(Supplied data Opens)

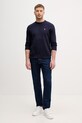 United Colors of Benetton sweter męski bawełniany 1UAEU10B6 granatowy SS26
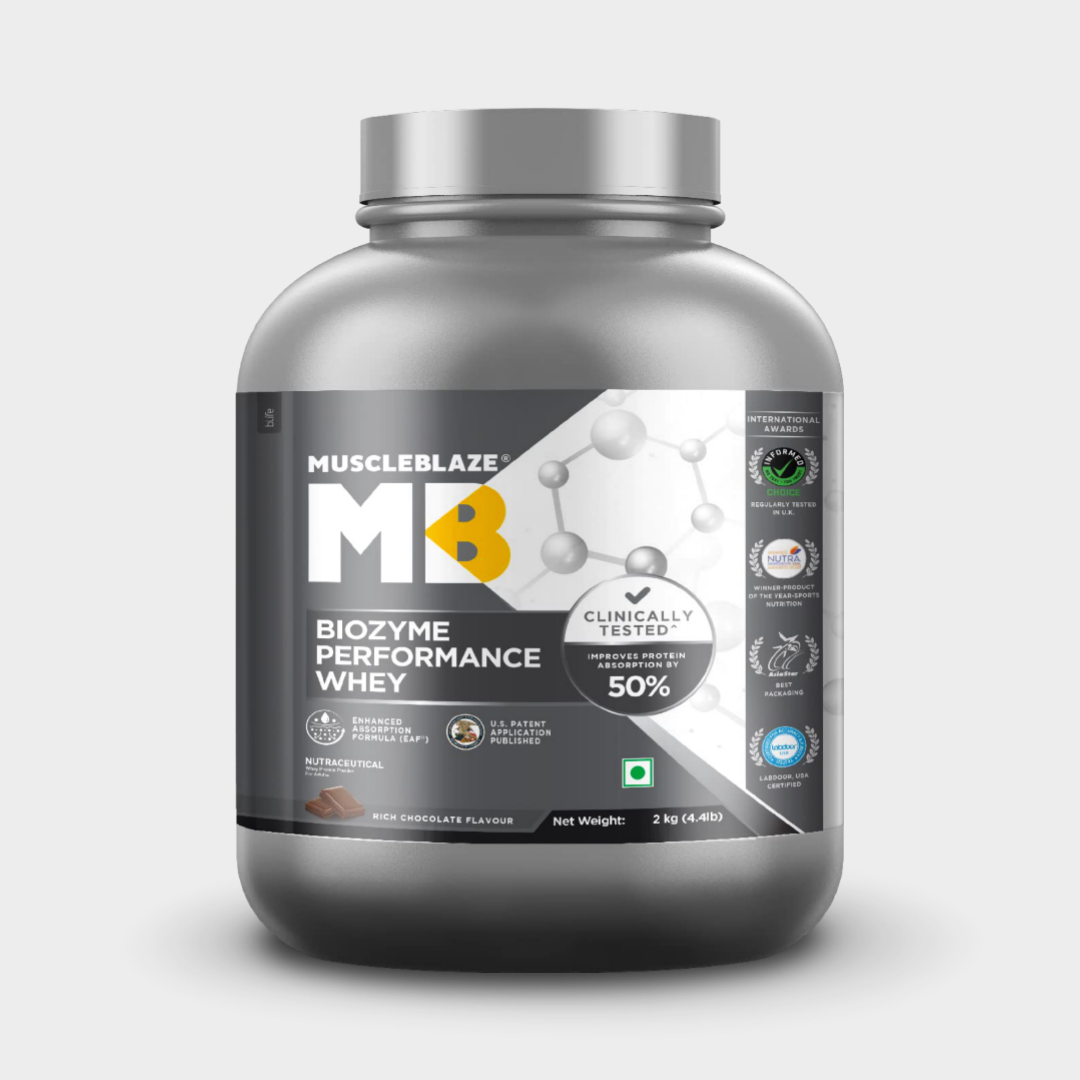 MuscleBlaze Biozyme Performance Whey | 2kg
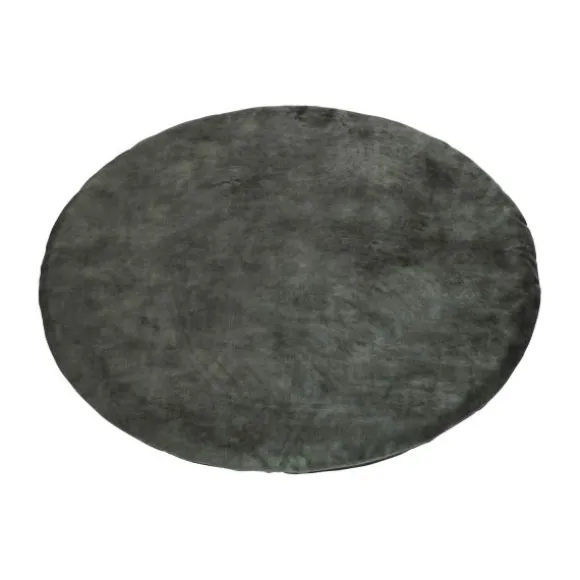 Kidsmill Velours Boxmatras Hoes Rond Naturel 90 cm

(Supplied data Closes)

Task directions. Restate the listing word for word. Pictures do not belong in the copy.

Answer box.
 United Colors of Benetton sweter męski bawełniany 1UAEU10B6 granatowy SS26
 MuscleBlaze Biozyme Performance Whey | 2kg
 Kidsmill Velours Boxmatras Hoes Rond Naturel 90 cm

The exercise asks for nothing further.